The input:
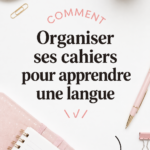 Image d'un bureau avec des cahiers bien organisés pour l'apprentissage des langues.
...
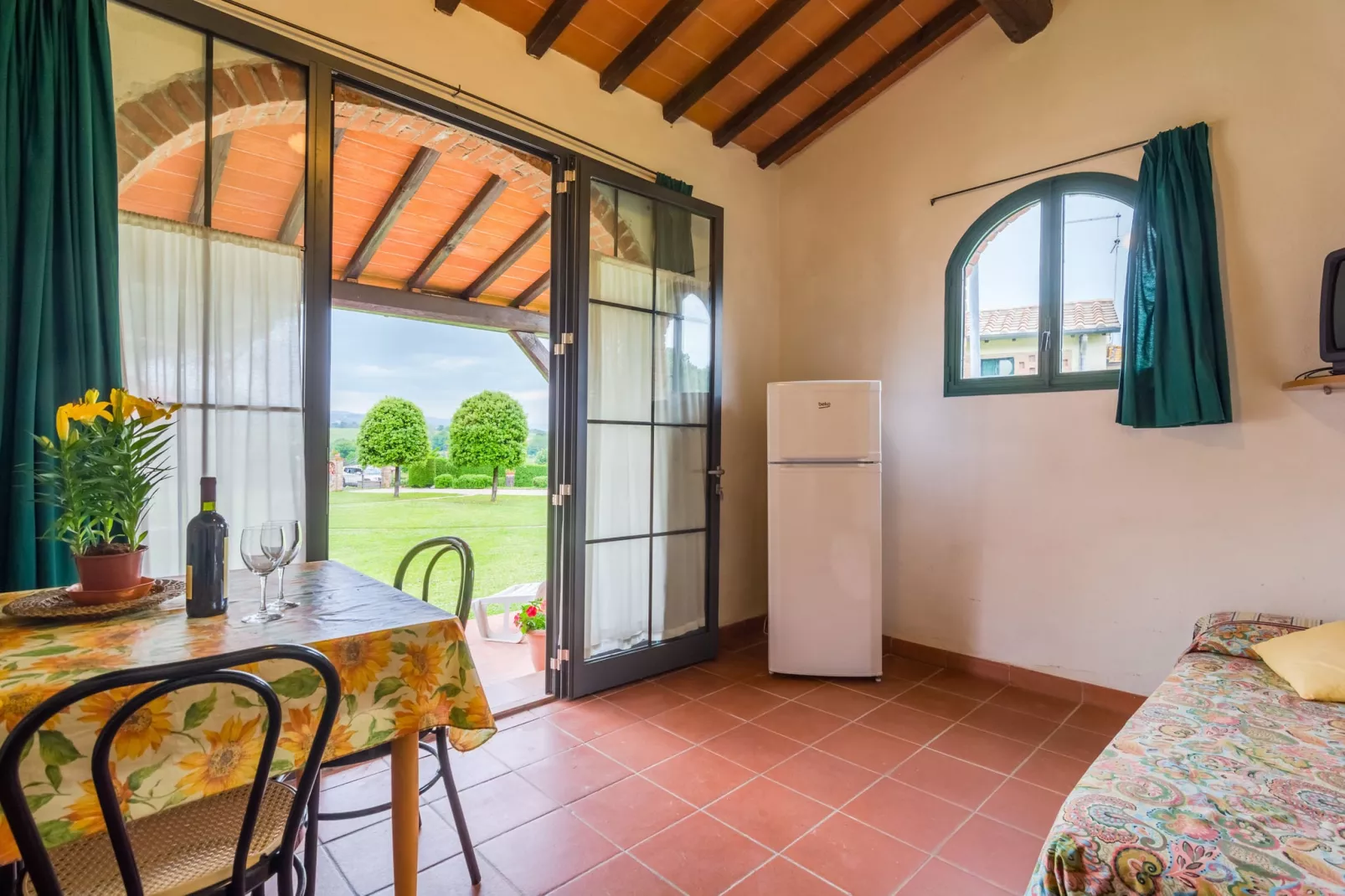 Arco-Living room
---
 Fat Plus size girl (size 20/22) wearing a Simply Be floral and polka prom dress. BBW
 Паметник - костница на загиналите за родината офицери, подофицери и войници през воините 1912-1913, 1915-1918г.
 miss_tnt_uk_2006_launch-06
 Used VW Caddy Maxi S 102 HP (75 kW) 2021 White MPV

Aim of the task: Return only the part of the records above that opens with the line containing "miss_tnt_uk_2006_launch-06" and closes with the line containing "Used VW Caddy", ends included.

Response to this exercise:
 miss_tnt_uk_2006_launch-06
 Used VW Caddy Maxi S 102 HP (75 kW) 2021 White MPV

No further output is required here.